MasaichiYaguchi

リンドグレーンのMasaichiYaguchiのレビュー・感想・評価

リンドグレーン(2018年製作の映画)
3.8
「長くつの下のピッピ」や「ロッタちゃん」シリーズをはじめとした数々の児童文学の名作を生んだスウェーデンの女流作家アストリッド・リンドグレーンの若い頃を描いた本作からは、彼女の創作の源泉やモチベーションが垣間見えるような気がする。
アストリッドは雄大な自然が広がるスウェーデンのスモーランド地方で生まれ、伸び伸びと育ったが思春期を迎え、教会の土地で農業を営む信仰に厚い両親、その教会の教えや倫理観、保守的な田舎のしきたりに息苦しさを覚える。
只でさえ感受性が強く、自由奔放な彼女は、その文才が認められて地方新聞社で働き始めたことを契機に、今まで抑えていた才能や情熱を解き放つ。
別にアストリッドでなくても、誰でもハイティーンになれば「ここではない、どこか」に憧れを抱き、場合によっては生まれ故郷を飛び出していく。
ただアストリッドの場合は、信仰深い地元に留まることが出来ぬ事情の為に飛び出すことになる。
それは道ならぬ恋で子を宿した為で、このことで彼女の波瀾万丈、艱難辛苦の歩みが始まる。
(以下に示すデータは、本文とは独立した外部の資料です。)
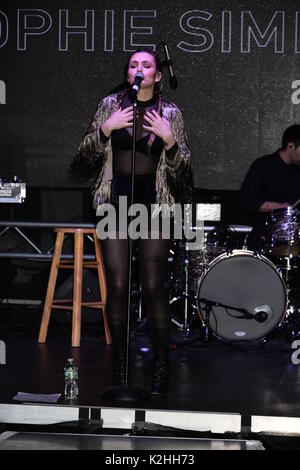 "Die Kinder" Charity Event zugunsten der Materie und der starkey Anhörung Stiftung wird besondere Gäste gehören Gene Simmons von KISS, die Schauspielerin Sophie Simmons, und America's Got Talent Star Sal Valentinetti Mit: Sophie Simmons Wo: Bridgehampton, New York, United States Wann: 29 Jun 2017: Rob Rich/WENN.com Stockfoto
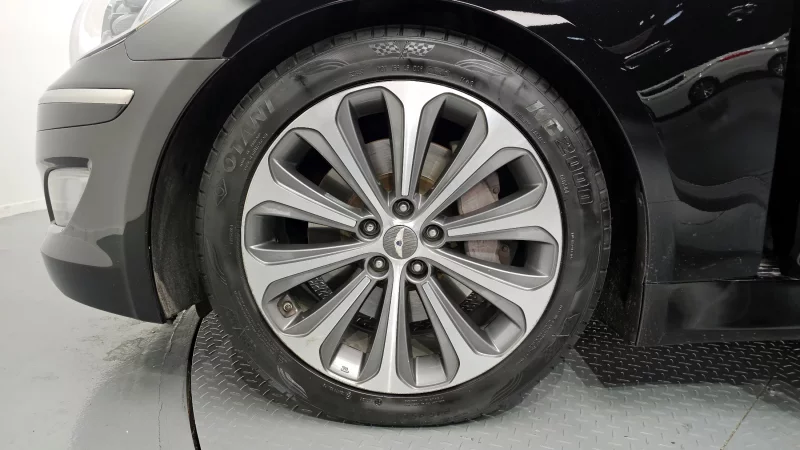 Hyundai Genesis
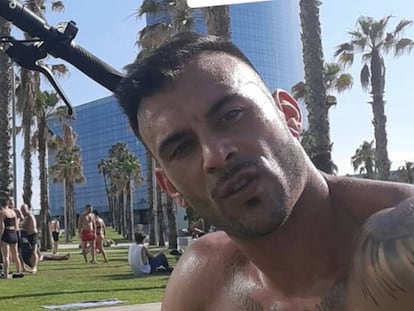 Alejandro Clavería, dilluns fent esport a la Barceloneta, on va ser gravat en un vídeo que s'ha fet viral.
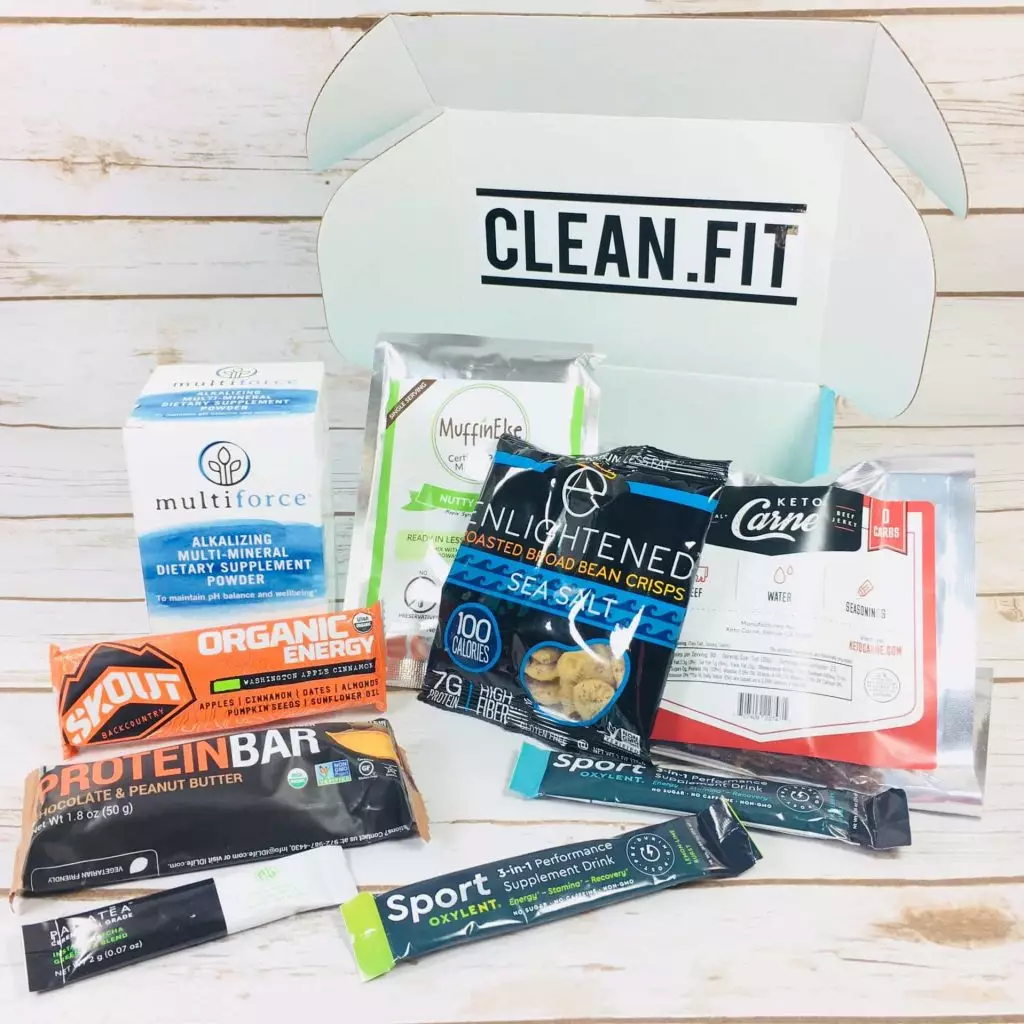 Clean.Fit box containing protein bars and supplements.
この作品を観て、アストリッドのように窮地に陥った女性を救う“受け皿”が当時あったことに驚くと共に、改めて福祉の北欧だなと感じてしまった。
何でも先鞭をつければ、周囲から反対や反発があり、それ相応の覚悟と痛みが伴ってくる。
アストリッドは挫けそうになりながら、のたうち回りながら、様々な困難に立ち向かっていく。
こういう事態に際して如何に男は情けなく頼りなく、逆に女性は「母は強し」と言われるようにめげない。
この作品はペアニル・フィシャー・クリステン監督が女性らしい視点で、自由や自分らしさを渇望した少女アストリッドが作家リンドグレーンになっていくのを愛や希望を込めて撮った映画だと思う。